| REQUIREMENT |
From the line with "Unfortunately, terrarium tv" through the line with "Hallatav L3 kommutaator", inclusive, return each line of the data below exactly and leave the rest out.

| INPUT DATA |
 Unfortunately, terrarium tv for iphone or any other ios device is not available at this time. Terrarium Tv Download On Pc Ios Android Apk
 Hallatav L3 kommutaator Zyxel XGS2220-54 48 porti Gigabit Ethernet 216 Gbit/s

--

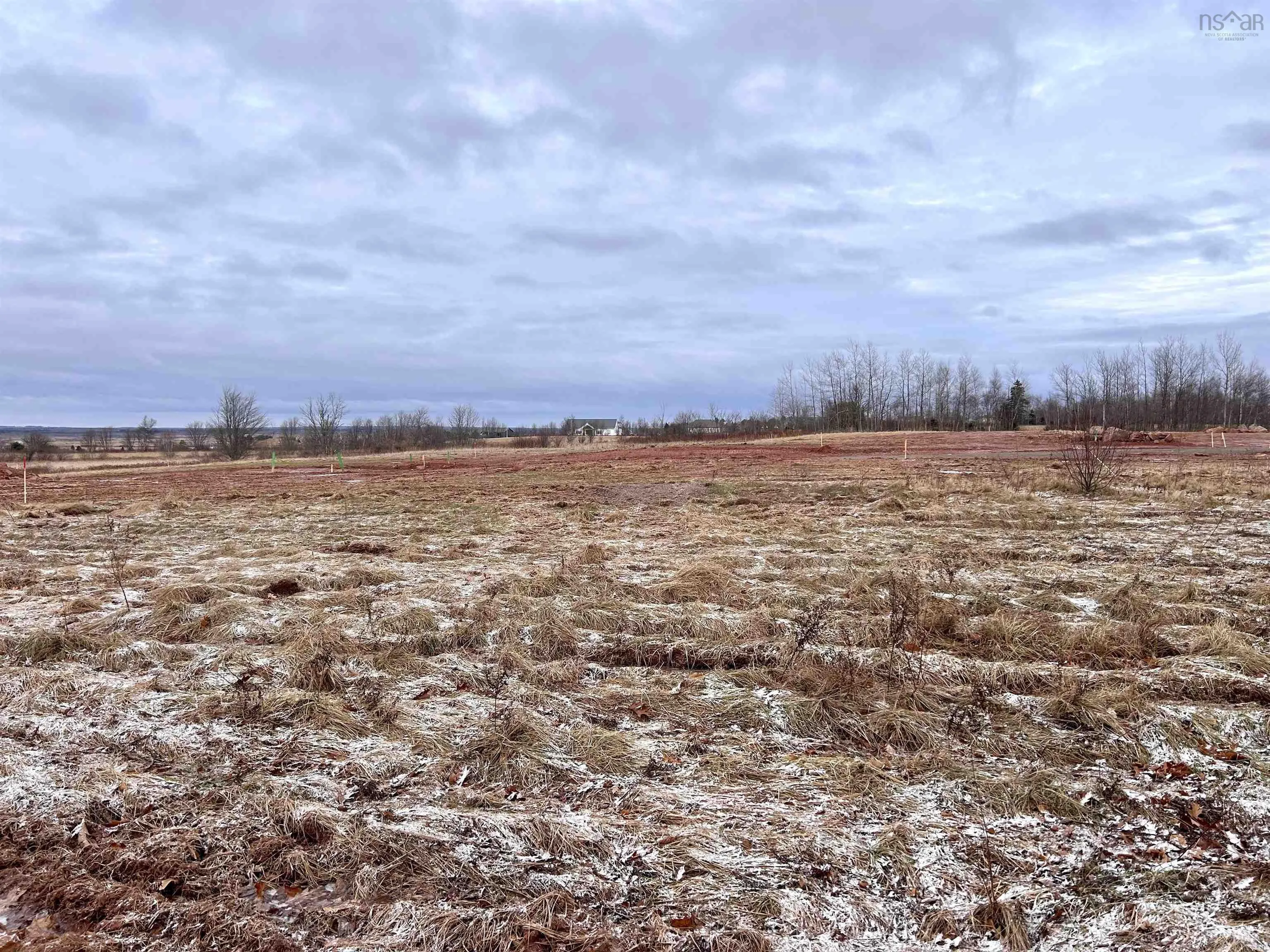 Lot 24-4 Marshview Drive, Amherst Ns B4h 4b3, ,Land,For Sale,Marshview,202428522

| YOUR SOLUTION |
 Unfortunately, terrarium tv for iphone or any other ios device is not available at this time. Terrarium Tv Download On Pc Ios Android Apk
 Hallatav L3 kommutaator Zyxel XGS2220-54 48 porti Gigabit Ethernet 216 Gbit/s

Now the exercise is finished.